When the weather becomes angry the sea comes to the fisherman in all sorts of moods, bringing high winds and huge waves, often times causing a fishing boat to sink with loss of lives. The fisherman who finds safe anchorage to ride out the storm feels lucky, even if the storm lasts for days.
It was time to pull the gear and head for the harbor. The sea was building and coming straight out of the southwest, lumping up and catching the troller on the quarter stern. Enough of this, the fisherman thought, taglines were breaking and it was hard to keep up a decent trolling speed. He knew of a good harbor which was almost landlocked and figured he would head there and wait it out. It took a while to get the gear in and by the time the fisherman had finished stowing the fishing lures the lump from the southwest had built up considerably. He turned the boat towards the distant island where the harbor was and started running in ahead of the building waves.
On the way towards the entrance of the harbor, the fisherman started thinking about what he would do once he was anchored up. First, he would have to ice down the king salmon which were in the checker on the back deck. Maybe he would fix himself a little drink while cooking up dinner and then spend some time tying up new leaders and hoochies. The sharks had been pretty tough on the bait hooks and hoochies in the last few days. It would be nice to be in the quiet harbor, hearing nothing but the distant rumble of the sea and falling asleep in his bunk. As the boat drew closer to the harbor entrance he could see white clouds of ocean spray shooting up from the huge black rocks on the beach.
The wave came from far out in the ocean towards the land. It was traveling fast and building up unbelievable strength as it approached the shallower grounds. It poked its head out showing its white fangs. At first, it looked just like the other waves except that it carried with it much more force and speed. In a matter of a few minutes, it would suddenly find itself in two fathoms of water just at the harbor entrance. The impact would be like a semi truck hitting a brick wall at 80 miles an hour.
The fisherman steered his boat past the first of the outer rocks and lined up on the painted markers showing the way to the inner harbor. It would be nice to get into the harbor and have a drink he thought. Soon he would be in flat calm protected water. Focusing on the white markers painted on the distant rocks and looking straight ahead, he never saw looming up behind him, the huge wave.

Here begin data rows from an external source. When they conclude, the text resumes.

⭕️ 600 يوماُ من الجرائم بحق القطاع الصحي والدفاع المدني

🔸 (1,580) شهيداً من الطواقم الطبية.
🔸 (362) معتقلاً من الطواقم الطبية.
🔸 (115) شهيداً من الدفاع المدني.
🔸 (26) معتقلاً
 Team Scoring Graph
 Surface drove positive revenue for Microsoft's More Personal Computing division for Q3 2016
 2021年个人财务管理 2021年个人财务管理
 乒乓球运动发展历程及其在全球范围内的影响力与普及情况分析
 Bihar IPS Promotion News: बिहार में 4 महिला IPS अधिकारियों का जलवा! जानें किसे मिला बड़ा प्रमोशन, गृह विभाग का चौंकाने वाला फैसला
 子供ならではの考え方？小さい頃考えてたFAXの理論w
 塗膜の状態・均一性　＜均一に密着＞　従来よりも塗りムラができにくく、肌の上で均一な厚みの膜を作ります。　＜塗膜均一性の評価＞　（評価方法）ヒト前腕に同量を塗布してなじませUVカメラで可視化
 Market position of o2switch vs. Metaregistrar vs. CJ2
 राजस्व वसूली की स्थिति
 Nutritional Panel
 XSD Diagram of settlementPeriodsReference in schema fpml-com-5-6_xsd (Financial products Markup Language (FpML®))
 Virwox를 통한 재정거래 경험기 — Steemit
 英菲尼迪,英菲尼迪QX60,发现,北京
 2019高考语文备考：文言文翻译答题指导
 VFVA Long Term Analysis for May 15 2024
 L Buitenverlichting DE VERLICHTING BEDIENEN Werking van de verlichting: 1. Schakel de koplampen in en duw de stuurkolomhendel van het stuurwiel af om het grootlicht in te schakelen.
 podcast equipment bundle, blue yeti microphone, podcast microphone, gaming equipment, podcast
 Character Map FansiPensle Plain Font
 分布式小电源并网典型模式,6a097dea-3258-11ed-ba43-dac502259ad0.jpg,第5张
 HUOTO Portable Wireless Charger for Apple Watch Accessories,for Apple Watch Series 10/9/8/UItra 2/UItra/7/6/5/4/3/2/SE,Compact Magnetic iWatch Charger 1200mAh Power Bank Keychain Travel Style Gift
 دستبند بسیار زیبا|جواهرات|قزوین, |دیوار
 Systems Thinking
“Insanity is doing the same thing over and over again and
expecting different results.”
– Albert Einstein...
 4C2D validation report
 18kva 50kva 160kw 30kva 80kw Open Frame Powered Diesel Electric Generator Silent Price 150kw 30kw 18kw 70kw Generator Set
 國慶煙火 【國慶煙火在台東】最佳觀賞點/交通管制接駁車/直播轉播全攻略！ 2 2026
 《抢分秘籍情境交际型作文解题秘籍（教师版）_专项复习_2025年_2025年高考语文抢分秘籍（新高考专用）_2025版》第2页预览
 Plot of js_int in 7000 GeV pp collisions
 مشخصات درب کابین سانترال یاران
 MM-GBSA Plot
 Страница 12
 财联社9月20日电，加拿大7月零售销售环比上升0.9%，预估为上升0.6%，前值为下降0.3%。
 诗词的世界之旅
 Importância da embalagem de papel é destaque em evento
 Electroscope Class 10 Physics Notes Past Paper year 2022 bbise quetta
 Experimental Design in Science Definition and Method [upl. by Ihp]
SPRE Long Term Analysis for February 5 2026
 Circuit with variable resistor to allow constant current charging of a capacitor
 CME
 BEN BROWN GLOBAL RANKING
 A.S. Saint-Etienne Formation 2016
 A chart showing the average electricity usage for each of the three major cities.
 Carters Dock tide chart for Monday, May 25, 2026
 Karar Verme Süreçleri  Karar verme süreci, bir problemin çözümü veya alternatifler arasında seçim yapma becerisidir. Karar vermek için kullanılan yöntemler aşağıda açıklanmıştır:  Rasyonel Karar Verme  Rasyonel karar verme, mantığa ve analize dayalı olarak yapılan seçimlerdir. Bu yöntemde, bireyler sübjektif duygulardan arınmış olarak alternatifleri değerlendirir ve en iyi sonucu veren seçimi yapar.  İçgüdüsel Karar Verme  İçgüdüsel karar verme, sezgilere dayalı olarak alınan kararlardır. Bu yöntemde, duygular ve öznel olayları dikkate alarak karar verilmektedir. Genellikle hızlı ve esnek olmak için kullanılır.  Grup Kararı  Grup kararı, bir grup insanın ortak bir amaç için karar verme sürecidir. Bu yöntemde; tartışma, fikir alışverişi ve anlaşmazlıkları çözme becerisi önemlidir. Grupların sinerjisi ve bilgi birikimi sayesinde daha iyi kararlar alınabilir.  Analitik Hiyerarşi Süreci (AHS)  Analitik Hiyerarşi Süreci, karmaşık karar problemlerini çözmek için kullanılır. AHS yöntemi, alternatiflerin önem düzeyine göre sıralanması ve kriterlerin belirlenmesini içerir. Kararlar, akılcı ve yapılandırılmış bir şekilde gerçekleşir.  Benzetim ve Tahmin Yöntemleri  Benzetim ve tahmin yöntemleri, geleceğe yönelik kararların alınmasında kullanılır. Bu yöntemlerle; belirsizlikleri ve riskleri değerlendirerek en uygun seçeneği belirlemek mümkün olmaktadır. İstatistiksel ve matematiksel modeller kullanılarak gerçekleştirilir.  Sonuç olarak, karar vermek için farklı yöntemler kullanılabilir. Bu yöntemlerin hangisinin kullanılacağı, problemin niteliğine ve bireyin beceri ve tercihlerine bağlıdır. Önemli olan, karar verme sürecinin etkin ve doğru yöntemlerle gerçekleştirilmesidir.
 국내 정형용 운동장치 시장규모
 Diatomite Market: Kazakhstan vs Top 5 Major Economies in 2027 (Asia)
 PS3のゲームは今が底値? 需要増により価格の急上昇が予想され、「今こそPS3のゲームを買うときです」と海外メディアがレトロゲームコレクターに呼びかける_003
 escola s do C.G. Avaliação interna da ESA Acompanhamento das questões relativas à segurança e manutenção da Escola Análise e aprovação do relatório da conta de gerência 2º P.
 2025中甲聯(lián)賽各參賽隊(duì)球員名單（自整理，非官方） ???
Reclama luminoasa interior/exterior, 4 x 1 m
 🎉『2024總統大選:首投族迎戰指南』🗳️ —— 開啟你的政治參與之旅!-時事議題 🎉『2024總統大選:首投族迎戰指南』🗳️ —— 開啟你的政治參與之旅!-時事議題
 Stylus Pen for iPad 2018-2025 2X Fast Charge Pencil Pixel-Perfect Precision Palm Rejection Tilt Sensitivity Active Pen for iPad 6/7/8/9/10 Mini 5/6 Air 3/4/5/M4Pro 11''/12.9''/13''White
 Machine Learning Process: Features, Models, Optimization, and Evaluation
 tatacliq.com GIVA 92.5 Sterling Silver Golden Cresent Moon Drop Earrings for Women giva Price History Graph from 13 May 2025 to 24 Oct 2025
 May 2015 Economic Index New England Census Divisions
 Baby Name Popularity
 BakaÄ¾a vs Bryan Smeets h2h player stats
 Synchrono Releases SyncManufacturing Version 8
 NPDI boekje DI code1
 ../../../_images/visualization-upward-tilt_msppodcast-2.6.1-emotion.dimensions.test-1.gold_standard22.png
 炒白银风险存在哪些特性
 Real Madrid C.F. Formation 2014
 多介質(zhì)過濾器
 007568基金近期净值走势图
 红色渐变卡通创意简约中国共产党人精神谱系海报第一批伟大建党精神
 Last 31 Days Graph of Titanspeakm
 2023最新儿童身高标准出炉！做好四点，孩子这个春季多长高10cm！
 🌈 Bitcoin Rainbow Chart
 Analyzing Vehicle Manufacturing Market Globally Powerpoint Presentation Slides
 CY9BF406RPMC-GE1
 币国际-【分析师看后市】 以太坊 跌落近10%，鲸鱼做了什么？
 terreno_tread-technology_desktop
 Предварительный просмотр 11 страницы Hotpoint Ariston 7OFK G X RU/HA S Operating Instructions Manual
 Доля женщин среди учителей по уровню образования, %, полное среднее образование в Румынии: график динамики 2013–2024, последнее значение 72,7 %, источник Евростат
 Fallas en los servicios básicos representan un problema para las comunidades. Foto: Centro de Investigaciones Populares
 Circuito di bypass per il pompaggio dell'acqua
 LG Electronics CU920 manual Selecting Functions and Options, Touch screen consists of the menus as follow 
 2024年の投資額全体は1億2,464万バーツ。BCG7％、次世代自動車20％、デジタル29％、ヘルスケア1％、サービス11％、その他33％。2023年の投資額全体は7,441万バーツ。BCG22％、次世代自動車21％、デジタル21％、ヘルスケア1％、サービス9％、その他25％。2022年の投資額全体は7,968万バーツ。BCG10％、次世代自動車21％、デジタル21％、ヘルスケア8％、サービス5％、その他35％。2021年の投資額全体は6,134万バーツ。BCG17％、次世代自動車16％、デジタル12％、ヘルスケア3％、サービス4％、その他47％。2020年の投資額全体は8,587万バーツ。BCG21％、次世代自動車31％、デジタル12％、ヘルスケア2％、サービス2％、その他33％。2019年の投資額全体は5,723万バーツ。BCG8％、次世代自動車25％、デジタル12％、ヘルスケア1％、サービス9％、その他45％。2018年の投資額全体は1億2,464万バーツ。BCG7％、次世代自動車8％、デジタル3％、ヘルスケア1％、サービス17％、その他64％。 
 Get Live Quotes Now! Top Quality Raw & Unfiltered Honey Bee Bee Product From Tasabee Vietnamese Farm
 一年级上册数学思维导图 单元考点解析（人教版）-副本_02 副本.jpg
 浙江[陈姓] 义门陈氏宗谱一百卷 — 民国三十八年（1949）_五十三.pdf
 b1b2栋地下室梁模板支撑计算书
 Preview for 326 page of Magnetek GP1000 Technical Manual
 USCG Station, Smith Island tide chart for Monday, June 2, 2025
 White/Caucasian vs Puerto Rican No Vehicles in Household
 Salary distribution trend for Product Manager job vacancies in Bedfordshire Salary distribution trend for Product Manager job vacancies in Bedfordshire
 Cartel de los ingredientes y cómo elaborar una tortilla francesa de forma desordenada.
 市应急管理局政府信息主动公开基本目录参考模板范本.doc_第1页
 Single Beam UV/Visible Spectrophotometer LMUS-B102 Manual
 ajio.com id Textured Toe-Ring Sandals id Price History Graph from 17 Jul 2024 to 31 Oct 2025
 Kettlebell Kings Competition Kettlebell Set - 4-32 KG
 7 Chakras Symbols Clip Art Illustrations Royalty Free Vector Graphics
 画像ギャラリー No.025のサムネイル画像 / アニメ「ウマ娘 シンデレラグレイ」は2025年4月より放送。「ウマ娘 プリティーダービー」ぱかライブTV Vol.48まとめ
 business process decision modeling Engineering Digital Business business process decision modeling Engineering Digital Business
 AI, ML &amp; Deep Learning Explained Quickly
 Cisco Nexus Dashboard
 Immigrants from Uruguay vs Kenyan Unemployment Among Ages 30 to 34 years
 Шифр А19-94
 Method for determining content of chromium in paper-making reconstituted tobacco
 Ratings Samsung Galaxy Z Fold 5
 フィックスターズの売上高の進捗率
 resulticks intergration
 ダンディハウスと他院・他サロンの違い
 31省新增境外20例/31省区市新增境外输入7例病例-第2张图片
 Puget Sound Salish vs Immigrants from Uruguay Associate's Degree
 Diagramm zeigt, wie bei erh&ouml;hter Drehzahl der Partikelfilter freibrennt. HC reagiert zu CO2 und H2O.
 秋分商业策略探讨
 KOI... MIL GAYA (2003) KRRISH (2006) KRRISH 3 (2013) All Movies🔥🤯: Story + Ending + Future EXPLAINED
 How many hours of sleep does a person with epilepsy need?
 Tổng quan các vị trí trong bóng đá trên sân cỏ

The wave hit the quarter stern of the troller, lifting the boat up and flipping it over on it's back. The fisherman suddenly found himself upside down while hanging on to the spokes of the ship's wheel. At that moment he felt nothing except a quiet calm, his body suspended in space, floating about in slow motion in a dream world he couldn't do anything about. So this is it! He thought. I'm going to die! In the next instant, the troller righted itself, amazingly still moving on its course for the protected harbor. It was then that the fisherman came back from that unreal world and realized that the engine was still running and he had a chance to make it into the harbor. He looked out to the back deck and saw that two trolling poles were broken off with trolling pole wire stays and chain dragging along with the boat, dangerously close to getting tangled up in the propeller. Also, he saw that all the checkerboards were gone, including his salmon and the hatch cover to the ice hold. It was then that he saw that the hold was half full of seawater. God knows what was going on in the engine room! Keep running boat! He thought. We have to make it in!
He had made it! The boat was anchored in the quiet protected harbor, sea pump discharging water out of the hold and engine room. The back deck was a shambles and broken trolling poles were floating alongside the hull. Most of his fishing gear had been swept off and would have to be replaced. There would be a lot of work to do in order to get back into the fishing business. It could have been a lot worse he thought. He heard a hello and turning, saw that Big John had rowed over in his skiff from his own boat which was anchored nearby. "Looks like you might need some help" Big John said. "I guess I could use some John, thanks".
In the next day and a half, both men worked cutting new spruce trolling poles, each one 44 feet in length, they then peeled the bark off the poles, dragged them down to the beach and towed the heavy poles out to the boat with Big John's skiff. Most of the rigging from the broken poles could be salvaged and was put in place on the new poles. It was a lot of work and couldn't have been done without Big John's help. Two days later the fisherman was back out on the fishing grounds. The ocean had calmed down and the fish were still biting.
Note: in the above story, I couldn't thank John Clauson enough for his help. John had many of the tools needed and a light plant used for some of the drill work needed to prepare the poles for mounting on the boat. Along with his help, he lost valuable fishing time, but he never complained and, as always, kept his good humor. The event I write about is meant to show the other side of life as a commercial fisherman. All of us have our stories to tell. The Helen T was a 45 foot Tacoma Shipyard hull with close to 9 feet of draft. It was a good boat and I often think that if it had been any other boat it may not have righted itself after being rolled over by the wave. I'm glad it did because it didn't really feel quiet right steering a boat upside down. Again, to you John Clauson, may you 'splice the main brace' often in Valhalla my viking freind.